I’m feeling quite nervous this afternoon. The House of Lords is debating an amendment which would give EU nationals who have made their homes here the right to stay. The Government is expected to be defeated and I hope very much that this will be the case and that we won’t have the disgraceful scenes we saw on Monday when the so called opposition were whipped to reject an amendment on the single market.

For me, this is something very personal – and also a bit selfish. Like virtually everyone else, I have friends who are EU nationals. They live here. This is their home. I don’t want to see them used as bargaining chips. My neighbours are from Poland. I don’t want them to have any worries about whether they will be forced to uproot their lives and disrupt their daughter’s education.

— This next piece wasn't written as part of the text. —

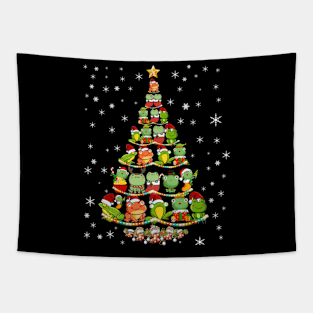 Cute Frog Christmas Tree gift decor Xmas tree Tapestry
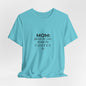 MOM - Unisex Jersey Short Sleeve Tee - Black Lettering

Those things are important, but as many of you will know, my husband was seriously ill at the end of last year. He is making a good recovery thanks to the excellent specialist medical care he received. The surgeon who saved his life and who sped back into the hospital at dead of night when there was a problem to operate again is Italian. He’s the same surgeon, actually, who saved the life of Nicola Sturgeon’s father-in-law. His registrar is from Greece. The nurse who looked after him in ITU so skilfully was also Italian. I want them to have the right to live here unimpeded for two reasons. First of all, it’s the right thing to do. Secondly, I don’t want to lose their skills which make Edinburgh one of the best places for cardio-thoracic surgery in the UK.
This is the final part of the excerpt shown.